At first, I wanted to write about her because she was this unsung person of history. She was described as his research assistant and his wife, and it turns out she wasn’t just a research assistant but a partner. If she’d had the education and the opportunities that he did, she would have no doubt been a brilliant scientist and scholar. It’s amazing that her name has been absolutely lost to history while his lives on.

I’ve got to say: this book is a master class in short story and flash fiction design. Who do people need to be reading right now to get a better understanding of how devastating flash fiction can be? 

Well, Kathy Fish for sure. I’ve learned so much from reading her, and I think she’s actually teaching a master class on it right now. And Cathy Ulrich is someone whose work I’m incredibly interested in. She has a book just out called Ghosts of You, and every single one of her stories is just pitch perfect. And Tyrese Coleman has some amazing short shorts—just some really interesting work on form, too.

I edit drastically.

You’ve mentioned elsewhere that you started out writing in poetry, and I can see how you’ve carried this attention to meter and syntax over into your stories. Going back to pieces like “You Won’t Believe What Really Happened to the Sabine Women,” for example, you include techniques like parallelism in your clauses, cascades of infinitive phrases, lists built without conjunctions, and then these sharp, devastatingly precise sentences like “History likes to lie about women.” How and when do you know what kind of style is going to work for certain types of stories? 

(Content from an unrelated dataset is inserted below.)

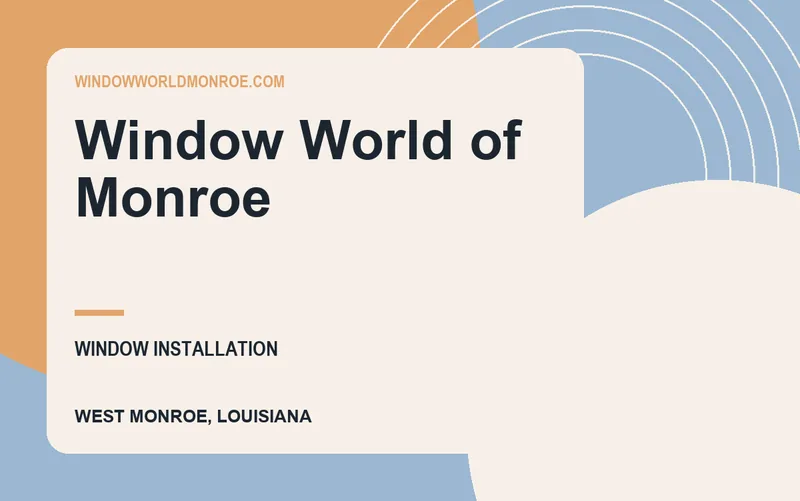 Window World of Monroe in West Monroe, Louisiana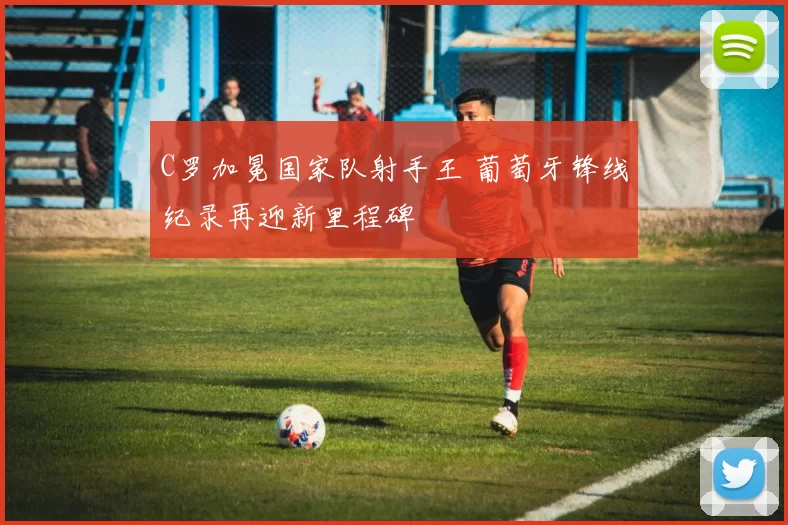 C罗加冕国家队射手王 葡萄牙锋线纪录再迎新里程碑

This is actually the central question of my work. Because I cannot write a story until I know what form it’s going to take. I know that’s not true for everyone—some people can just start writing and can change things as they go along, but I know I can’t. Instead, I edit drastically. In terms of a story’s form, I know something or someone that I want to write about, but until I find the right form and structure for it, I can’t even begin. And I’ll know, too, if when I start writing it that it begins to flounder and flop that the form is all off. Finding the right form, then, is something that needs to come to me.

I know I have to sit and think awhile on the subject matter, and then the form of the story starts looking like it’s appropriate to that subject matter. And what I mean by “appropriate” is that it’s usually opposite the subject matter. When I teach, I teach that that’s often really a powerful way to write a story. You can get a lot of impact out of a story that is incredibly emotional if you can find a form that is very factual or dry or academic even. Take “Lavoisier’s Wife,” for example—if you can find something like that and fit your subject matter to that form, it’s going to take things down a notch and pull it out from melodrama. Another one where I try to do this is my funeral piece.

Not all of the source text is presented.